Material provided:
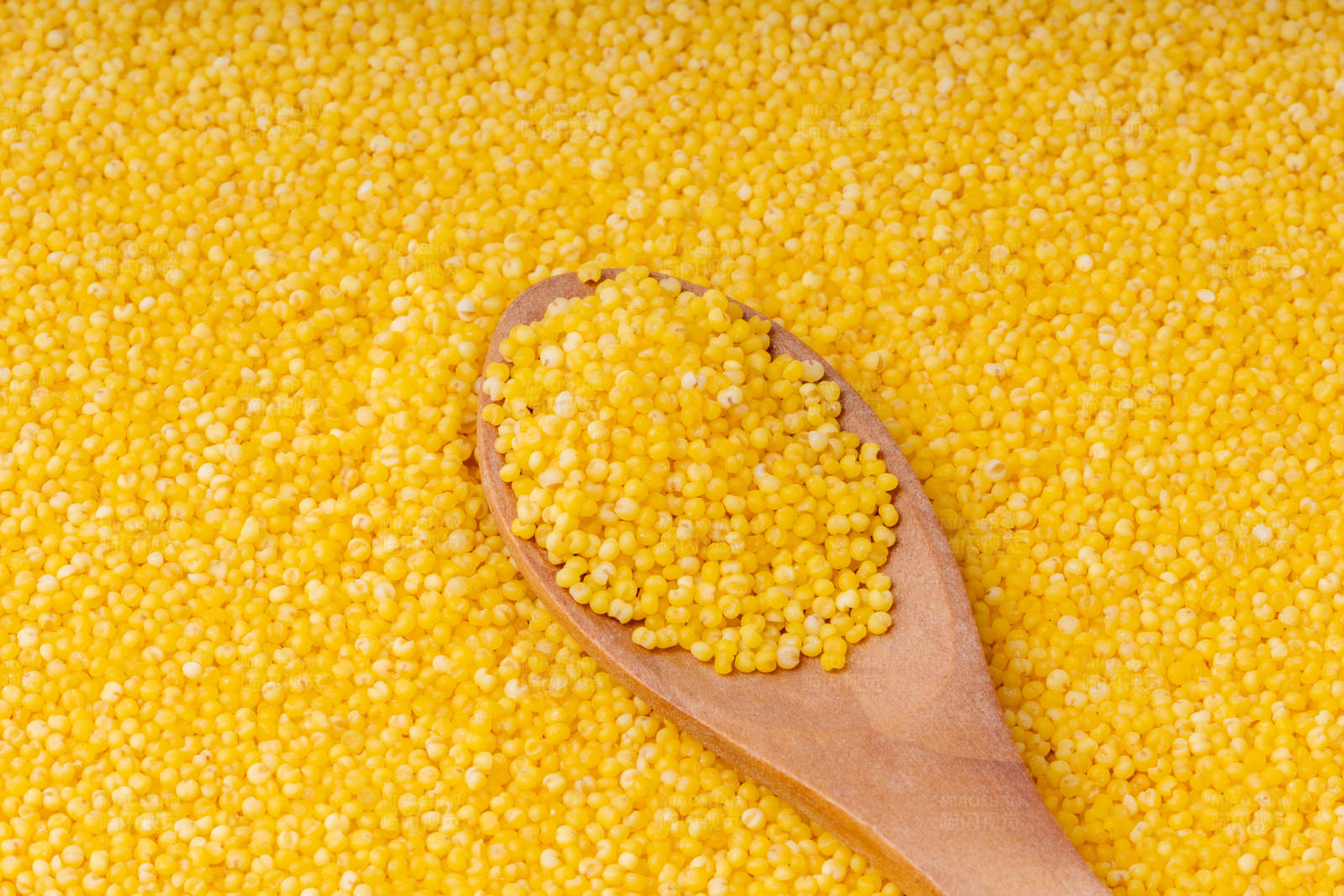 小米和木勺图片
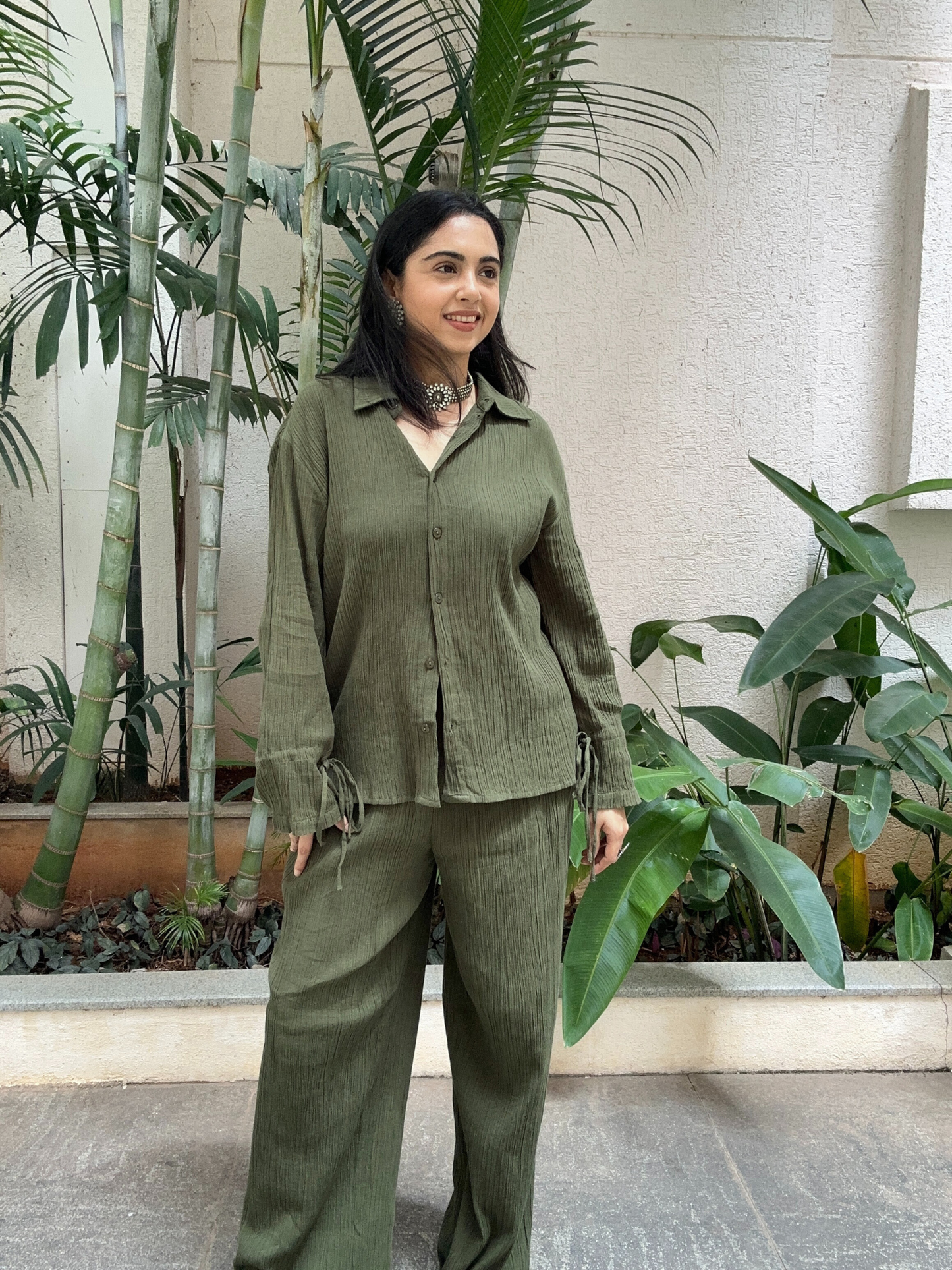 Rooh Set in Olive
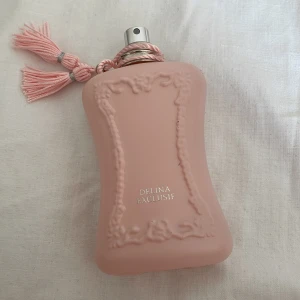 Parfums De Marly Delina Exclusif - Delina exclusif ungefär 70/75 ml kvar i flaskan, box samt kork medföljer, kvittot finns online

What to produce: Omit each picture, then return all of the listing exactly as it stands.

Exercise output:
 小米和木勺图片
 Rooh Set in Olive
 Parfums De Marly Delina Exclusif - Delina exclusif ungefär 70/75 ml kvar i flaskan, box samt kork medföljer, kvittot finns online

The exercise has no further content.